This means that the STFT operator \(V_w\) is an isometry from \(L^2(\mathbb{R})\) to \(L^2(\mathbb{R}^2)\) if \(\left\lVert w\right\rVert_2=1\).

A.2 Inverse Short-Time Fourier Transform

Theorem A.2 (STFT inversion formula) Let \(w,h\in L^2(\mathbb{R})\) with \(\left\langle w,h\right\rangle\neq0\). Then for all \(s\in L^2(\mathbb{R})\). \[\begin{equation} s(t) = \frac{1}{\left\langle w,h\right\rangle} \iint_{\mathbb{R}^2}V_w s(\tau,\omega)M_\omega T_\tau h(t) \mathrm{d}\omega\mathrm{d}\tau \end{equation}\]

Proof. Since \(V_w s\in L^2(\mathbb{R}^2)\), let \(\tilde s\in L^2(\mathbb{R})\) be defined as \[\begin{equation} \tilde s(t) = \frac{1}{\left\langle w,h\right\rangle} \iint_{\mathbb{R}^2}V_w s(\tau,\omega)M_\omega T_\tau h(t) \mathrm{d}\omega\mathrm{d}\tau \end{equation}\] We therefore have, for all \(\varphi\in L^2(\mathbb{R})\), using Parseval’s formula \[\begin{align} \left\langle\tilde s, \varphi\right\rangle_{L^2(\mathbb{R})} &= \frac{1}{\left\langle w,h\right\rangle} \iint_{\mathbb{R}^2} V_w s(\tau,\omega) \left\langle M_\omega T_\tau h, \varphi\right\rangle_{L^2(\mathbb{R})} \mathrm{d}\omega\mathrm{d}\tau\\ &= \frac{1}{\left\langle w,h\right\rangle} \iint_{\mathbb{R}^2} V_w s(\tau,\omega) \overline{\left\langle\varphi,M_\omega T_\tau h\right\rangle}_{L^2(\mathbb{R})} \mathrm{d}\omega\mathrm{d}\tau\\ &= \frac{1}{\left\langle w,h\right\rangle} \iint_{\mathbb{R}^2} V_w s(\tau,\omega) \overline{V_h \varphi(\tau,\omega)} \mathrm{d}\omega\mathrm{d}\tau\\ &= \frac{1}{\left\langle w,h\right\rangle} \left\langle V_w s, V_h \varphi\right\rangle_{L^2(\mathbb{R}^2)}\\ &= \left\langle s, \varphi\right\rangle_{L^2(\mathbb{R})} \end{align}\]

Since \(\left\langle\tilde s,\varphi\right\rangle_{L^2(\mathbb{R})}=\left\langle s,\varphi\right\rangle_{L^2(\mathbb{R})},\forall\varphi\in L^2(\mathbb{R})\) then in the weak sense \(\tilde s = s\).

It is worth noting that this proof is better expressed with concepts of operator algebra.

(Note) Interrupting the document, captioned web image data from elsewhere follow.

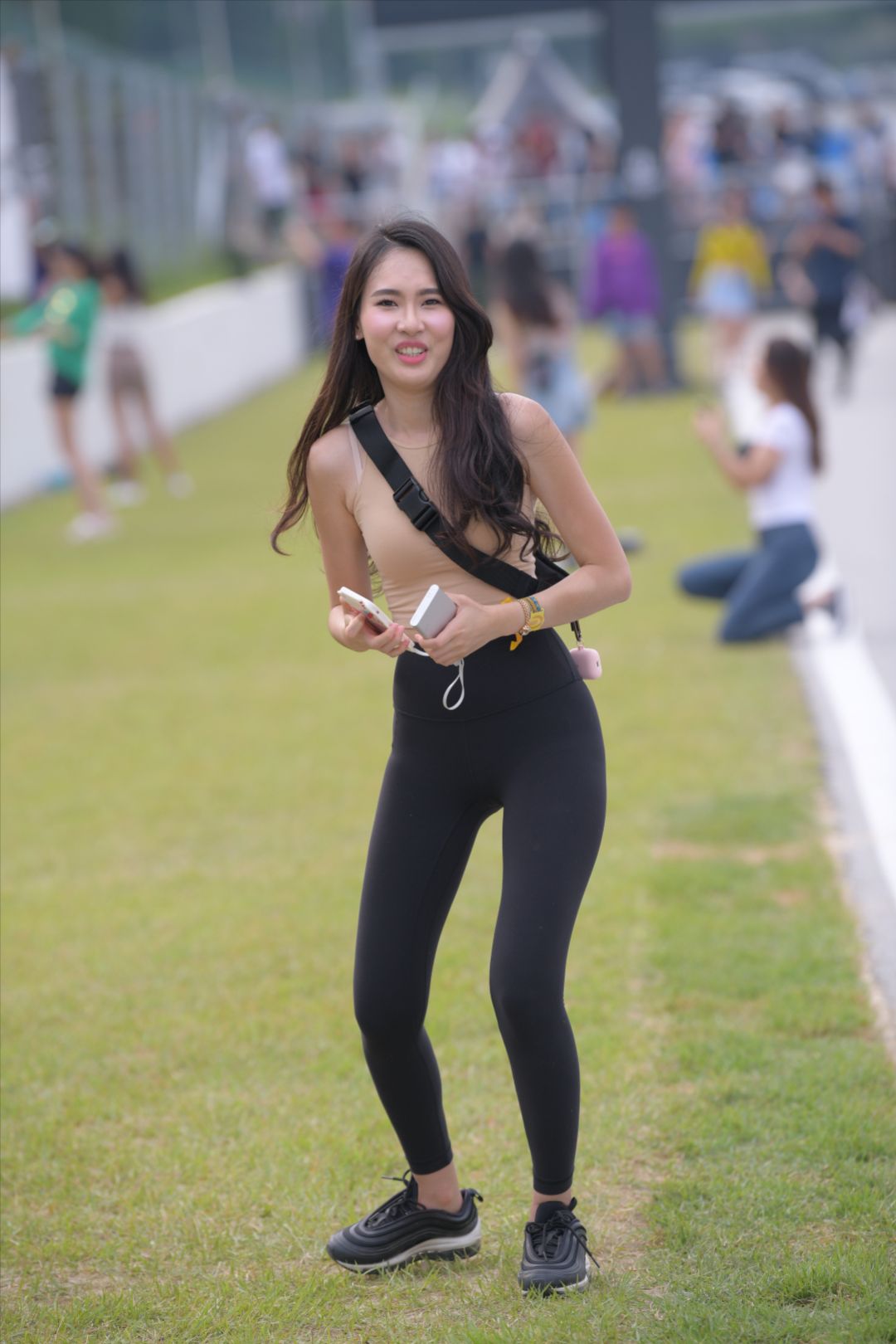 黑色瑜伽裤美女身材丰满-街拍图满多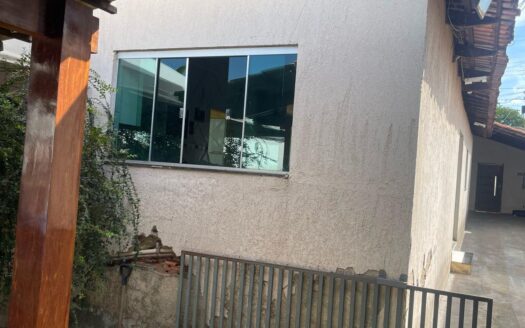 Casa no Jardim Mariliza 03 quartos com piscina.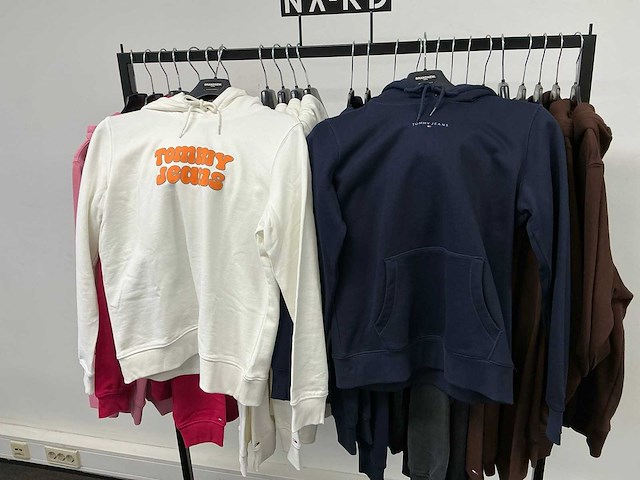 Partij diverse tommy jeans dames hoodies (26x) - afbeelding 12 van  14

Let’s consider \(F\) a function on \(E\) such that \(F(x)\in B\) forall \(x\in E\), where \(B\) is a Banach space, we therefore have \[\begin{equation} f = \int_E F(x)\mathrm{d}x\implies \left\langle f,\varphi\right\rangle = \int_E \left\langle F(x),\varphi\right\rangle \mathrm{d}x \end{equation}\] for all \(\varphi\in B^*\) where \(B^*\) is the dual space to \(B\). Moreover, if the mapping \(\ell(\varphi)\mapsto\int_E \left\langle F(x),\varphi\right\rangle\mathrm{d}x\) is a bounded linear operator on \(B^*\), then \(\ell\) defines a unique element \(f\in B^{**}\). If \(B\) is a reflexive Banach space \(\left(B^{**}=B\right)\), we have a \(f\in B\). In our case, \(E=\mathbb{R}^2\) and \(F\in L^2(\mathbb{R}^2)\). Let \(f\) be defined as \[\begin{equation} f = \iint_{\mathbb{R}^2} F(\tau,\omega)M_\omega T_\tau \gamma \mathrm{d}\omega\mathrm{d}\tau \end{equation}\] The operator \(\ell\) is then defined as \[\begin{equation} \ell(\varphi) = \iint_{\mathbb{R}^2} F(\tau,\omega)\left\langle M_\omega T_\tau \gamma,\varphi\right\rangle_{L^2(\mathbb{R})} \mathrm{d}\omega\mathrm{d}\tau = \iint_{\mathbb{R}^2} F(\tau,\omega) \overline{\left\langle V_\gamma \varphi\right\rangle}_{L^2(\mathbb{R})} \mathrm{d}\omega\mathrm{d}\tau \end{equation}\] We prove \(\ell\) is a bounded operator on \(B^*=L^2(\mathbb{R})\) with the help of the Cauchy-Schwartz inequality and Parseval’s formula.

\[\begin{equation} \forall\varphi\in L^2(\mathbb{R}),\left\lvert\ell(\varphi)\right\rvert \leq \left\lVert F\right\rVert_2 \left\lVert V_\gamma \varphi\right\rVert_2 = \left\lVert F\right\rVert_2 \left\lVert\gamma\right\rVert_2 \left\lVert\varphi\right\rVert_2 \end{equation}\] Which implies that \(\ell\) defines a unique function \(f\in L^2(\mathbb{R})\) such that \(\left\langle f,\varphi\right\rangle_{L^2(\mathbb{R})} = \ell(\varphi),\forall\varphi\in L^2(\mathbb{R})\).